Conservatism and Liberalism: Yin and Yang

I tend to see conservativism and liberalism more like two mutually upholding forces than two isolated viewpoints. Put another way, for me, instead of the two tendencies being like two people sitting across from each other yelling at each other, its more like two people holding a large piece of furniture on both sides. If one of them lets go and stops holding their weight, things are in danger of collapsing. On the other hand, if one side overdoes it and pushes too hard, things are also in danger of collapsing. In that sense when I think of a well-balanced person I don’t think of someone who is „conservative“ or „liberal“, but a person in whom the forces of liberalism and conservativism are balanced and mutually serve each other. For me (and I really mean just for me, because I’m just spelunking in my own intuitions here) conservatism represents structure and reality. Liberalism on the other hand represents freedom and chaos. And I don’t mean by chaos any negative judgement whatsoever because I think human life cannot exist without it.

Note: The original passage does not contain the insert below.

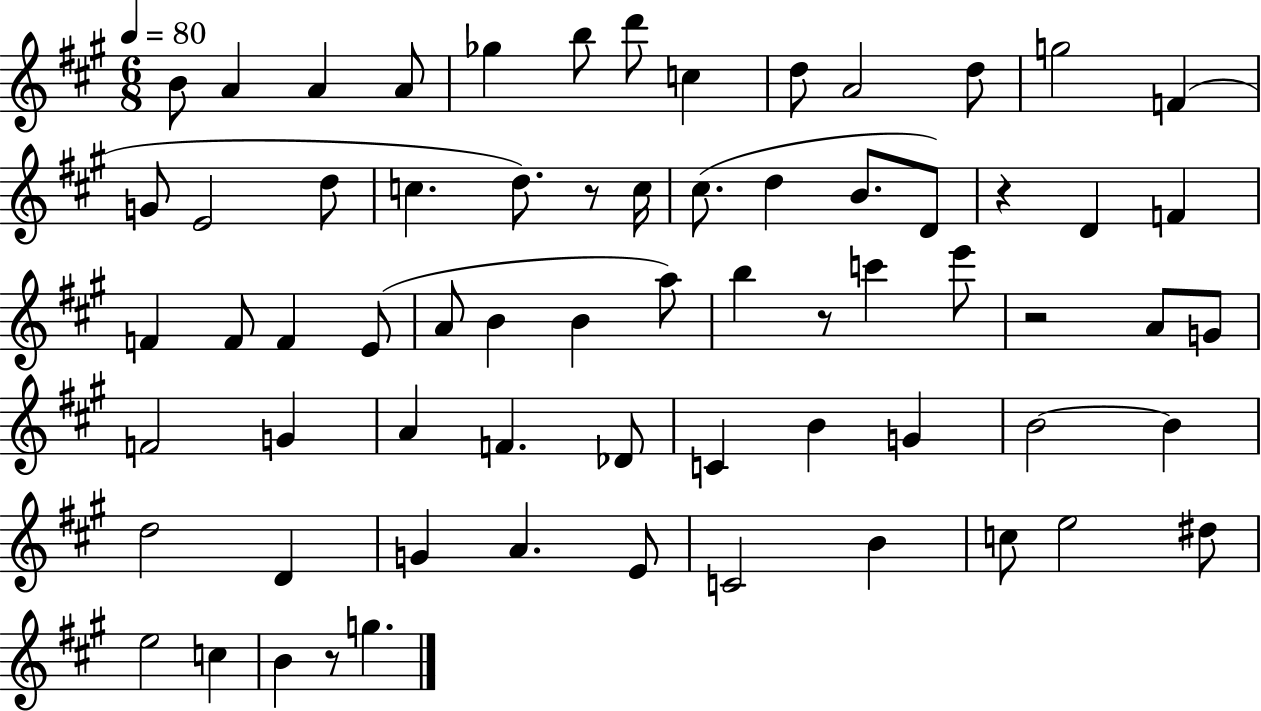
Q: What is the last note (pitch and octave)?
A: G5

Conservatism thrives in respecting and taking ultimate reality into account – note that by this I don’t mean merely concrete or scientific facts. In fact, often it is the case that mere scientific facts, or „information“ is a distraction from the most important realities: ultimate fundamental categories of structure built into the human mind such as justice, virtue, etc. which enable us to perceive the real world at all. Liberalism thrives at freeing and making room for the letting be of the subjective – removing the suffocating vice grips of conservative order, to put it in German: um das Seiende sein zu lassen– to let the be-er be rather than making conformance to order a pre-condition to its existence. Liberalism fundamentally recognises the absolute necessity of choice unto conformance with an objective standard – without choice it is not true conformance – so freedom is a precondition of true authenticity.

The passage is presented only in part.